WHAT YOU HAVE TO DO: Please give again, word for word, the line that contains "for text Photo" and every line after it to the end of the data, with no other lines.

BEGIN MATERIAL PROVIDED

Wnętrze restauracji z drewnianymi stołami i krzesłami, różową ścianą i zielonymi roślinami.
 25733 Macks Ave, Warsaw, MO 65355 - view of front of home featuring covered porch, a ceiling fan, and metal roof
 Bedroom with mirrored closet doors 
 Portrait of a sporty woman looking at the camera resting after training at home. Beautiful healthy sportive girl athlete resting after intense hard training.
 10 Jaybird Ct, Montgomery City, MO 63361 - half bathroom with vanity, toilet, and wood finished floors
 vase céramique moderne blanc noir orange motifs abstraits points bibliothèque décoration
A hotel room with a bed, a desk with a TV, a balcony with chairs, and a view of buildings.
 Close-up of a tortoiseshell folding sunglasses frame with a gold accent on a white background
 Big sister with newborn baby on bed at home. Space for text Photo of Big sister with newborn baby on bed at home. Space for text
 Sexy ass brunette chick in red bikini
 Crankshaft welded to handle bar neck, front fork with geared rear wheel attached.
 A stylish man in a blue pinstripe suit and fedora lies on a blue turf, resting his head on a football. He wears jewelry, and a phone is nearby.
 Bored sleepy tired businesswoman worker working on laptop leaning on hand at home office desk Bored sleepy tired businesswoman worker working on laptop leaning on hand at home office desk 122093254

END MATERIAL PROVIDED

ANSWER TO THIS TASK:
 Big sister with newborn baby on bed at home. Space for text Photo of Big sister with newborn baby on bed at home. Space for text
 Sexy ass brunette chick in red bikini
 Crankshaft welded to handle bar neck, front fork with geared rear wheel attached.
 A stylish man in a blue pinstripe suit and fedora lies on a blue turf, resting his head on a football. He wears jewelry, and a phone is nearby.
 Bored sleepy tired businesswoman worker working on laptop leaning on hand at home office desk Bored sleepy tired businesswoman worker working on laptop leaning on hand at home office desk 122093254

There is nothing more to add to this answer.